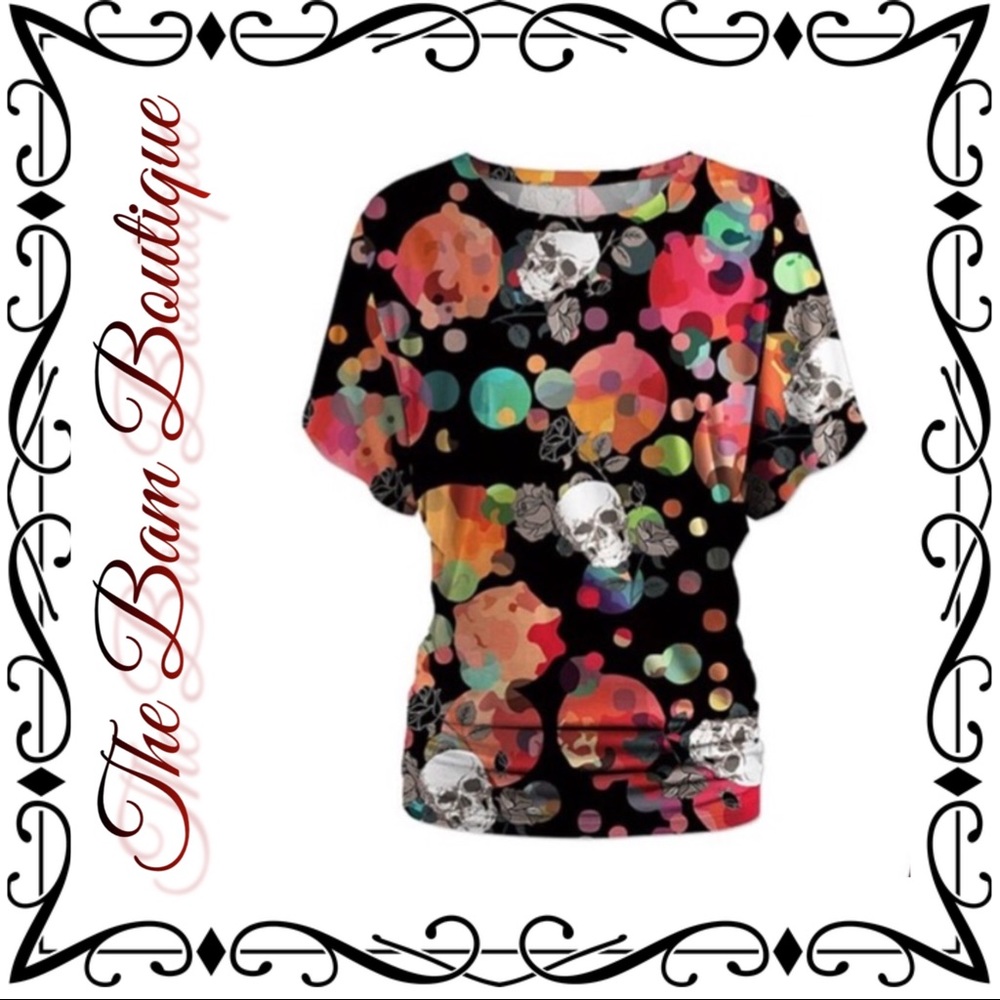 Plus Size Polka Dot Skull Dolman Top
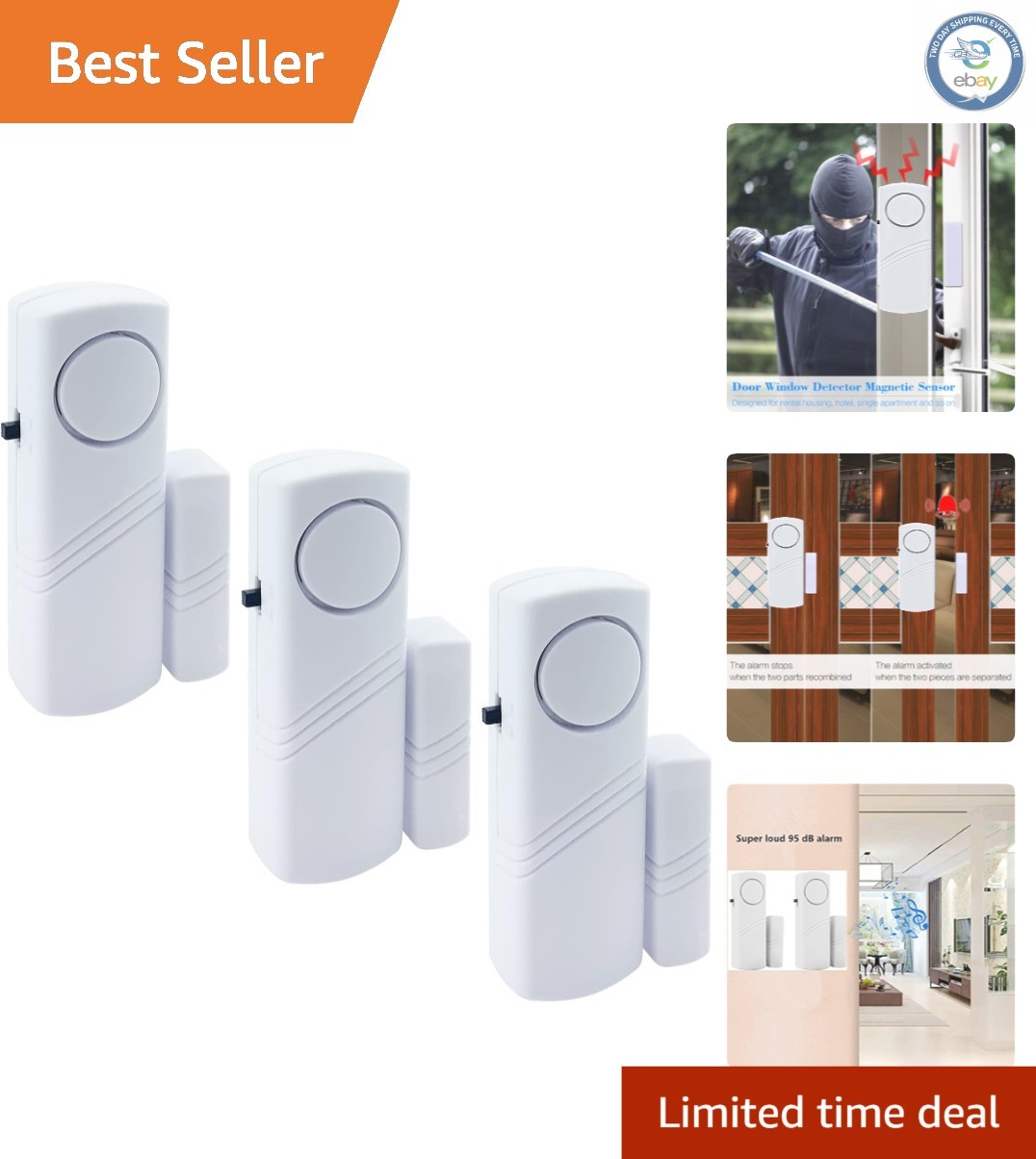 Adhesive 90DB Wireless Door Window Security Alarm - Perfect for Kids' Safety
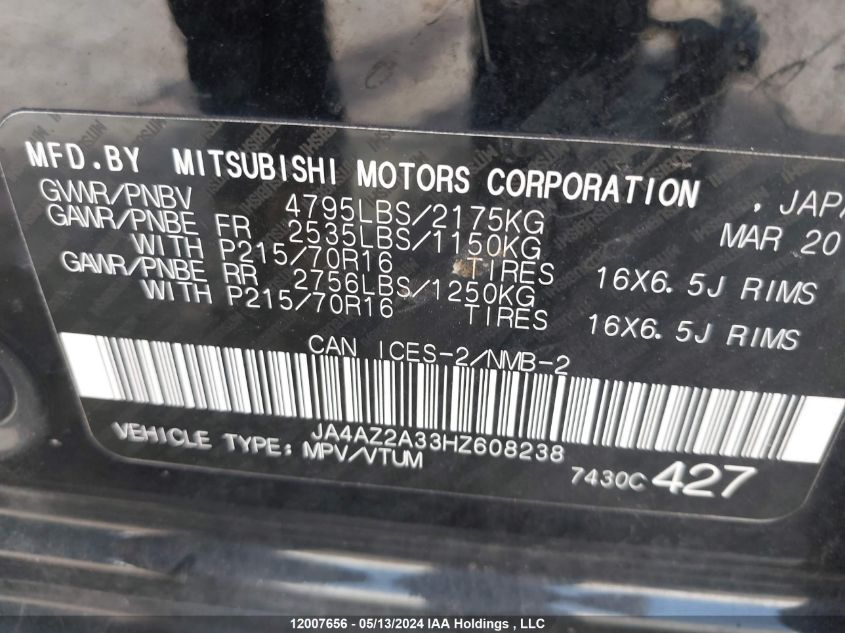 2017 Mitsubishi Outlander VIN: JA4AZ2A33HZ608238 Lot: 12007656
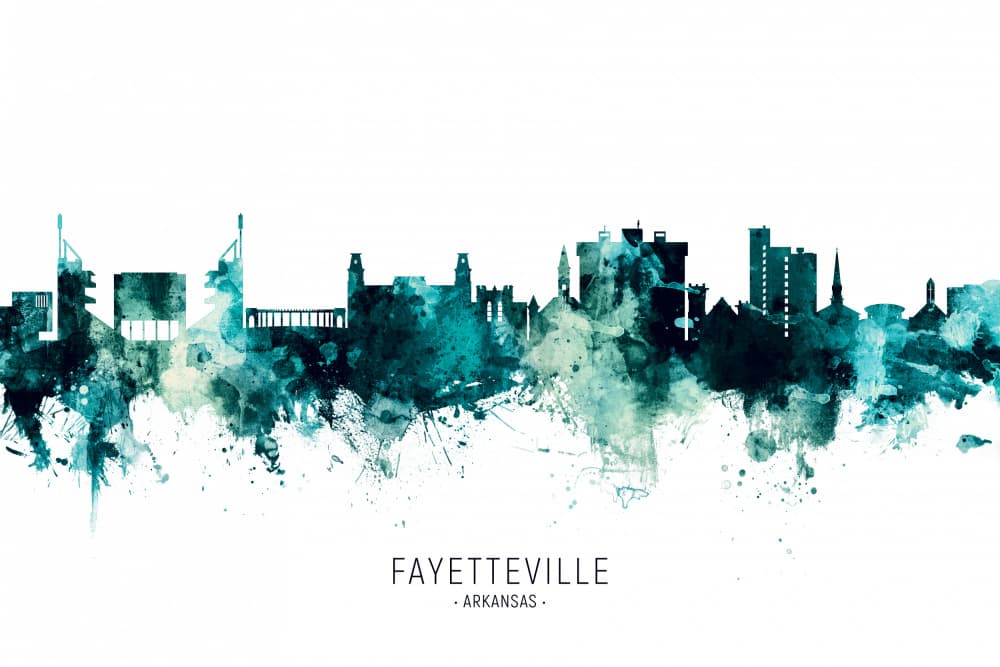 Watercolor Fayetteville Skyline by Michael Tompsett — canvas wall art
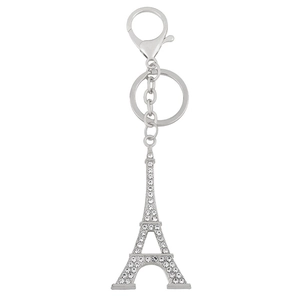 Porte-clés Tour Eiffel argenté orné de strass avec mousqueton métallique chic
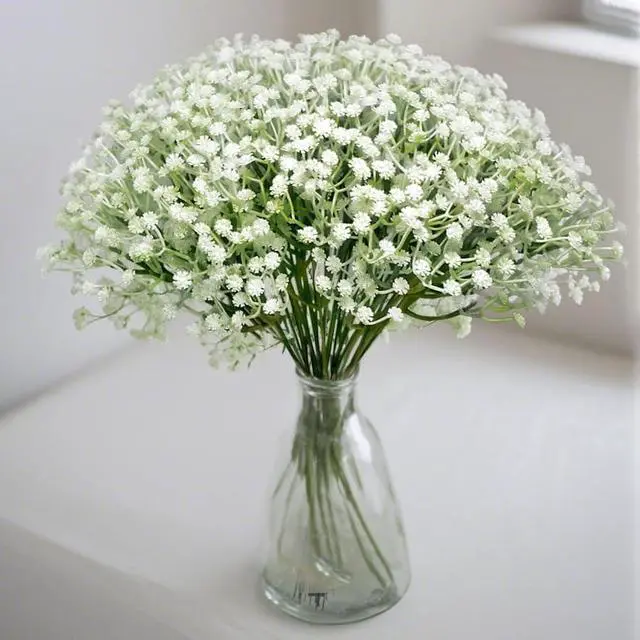 Alt view image 3 of 7 - Artificial Baby Breath Flowers Bulk, 20 Stems Faux Gypsophila for Wedding Bouquets, Bridal Decor, Home Decor Realistic Long-Lasting Fake Flowers, Bendable Stems, 2.8oz, 11.5 Inch White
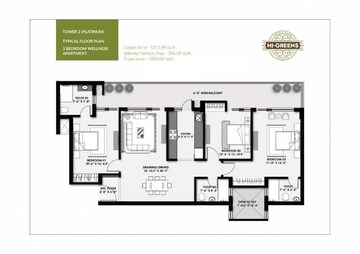  3 BHK Apartment at MRS Hi Greens, Kishanpura – for Rent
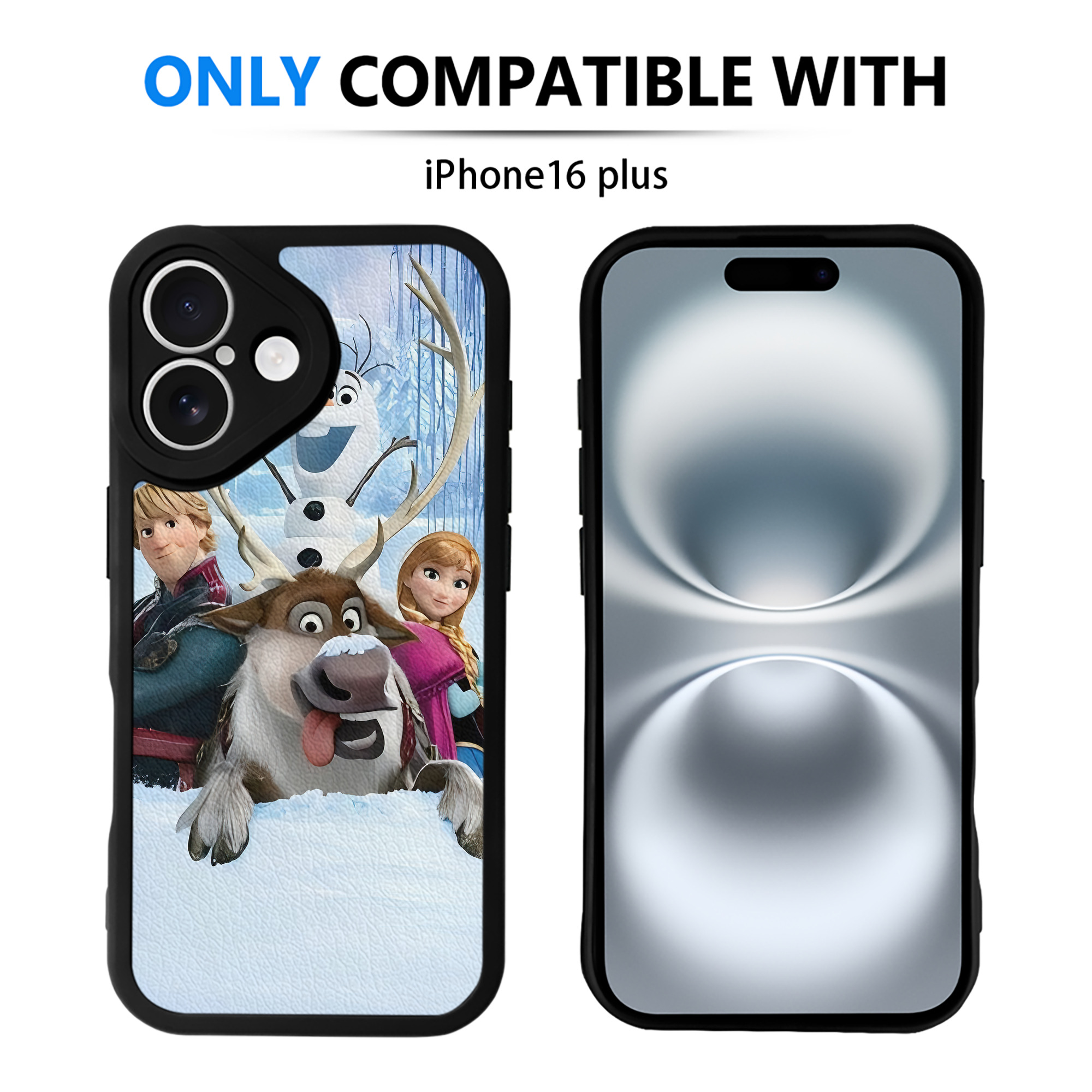 （画像用） アナと雪の女王 アンナ エルサ Frozen Anna Elsa 【iPhone 16シリーズ対応】シリコンスマホケース（レザー調） 材質：シリコン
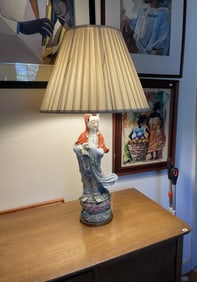 ASIAN LADY LAMP, 29" WITH SHADE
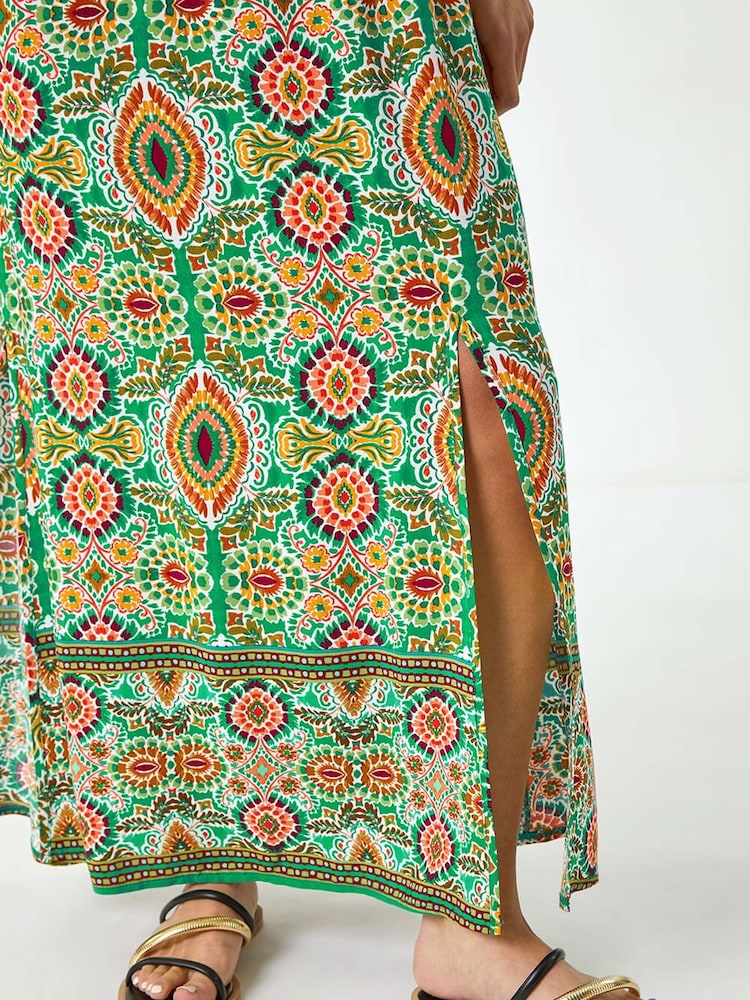 Roman Green Petite Abstract Bardot Midi Dress - Image 5 of 5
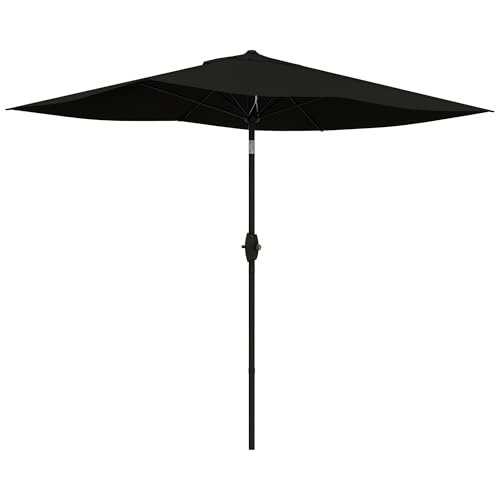 Outsunny 3 x 2 m Garden Parasol Umbrella with Aluminium Pole, UPF 50+ Rectangular Outdoor Table Parasol Sun Shade with Crank & Push Button Tilt, Metal Ribs, Black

════

Repeat all of the data above word for word, minus the pictures.

▶ OUTPUT FOR THIS EXERCISE
 Plus Size Polka Dot Skull Dolman Top
 Adhesive 90DB Wireless Door Window Security Alarm - Perfect for Kids' Safety
 2017 Mitsubishi Outlander VIN: JA4AZ2A33HZ608238 Lot: 12007656
 Watercolor Fayetteville Skyline by Michael Tompsett — canvas wall art
 Porte-clés Tour Eiffel argenté orné de strass avec mousqueton métallique chic
 Alt view image 3 of 7 - Artificial Baby Breath Flowers Bulk, 20 Stems Faux Gypsophila for Wedding Bouquets, Bridal Decor, Home Decor Realistic Long-Lasting Fake Flowers, Bendable Stems, 2.8oz, 11.5 Inch White
  3 BHK Apartment at MRS Hi Greens, Kishanpura – for Rent
 （画像用） アナと雪の女王 アンナ エルサ Frozen Anna Elsa 【iPhone 16シリーズ対応】シリコンスマホケース（レザー調） 材質：シリコン
 ASIAN LADY LAMP, 29" WITH SHADE
 Roman Green Petite Abstract Bardot Midi Dress - Image 5 of 5
 Outsunny 3 x 2 m Garden Parasol Umbrella with Aluminium Pole, UPF 50+ Rectangular Outdoor Table Parasol Sun Shade with Crank & Push Button Tilt, Metal Ribs, Black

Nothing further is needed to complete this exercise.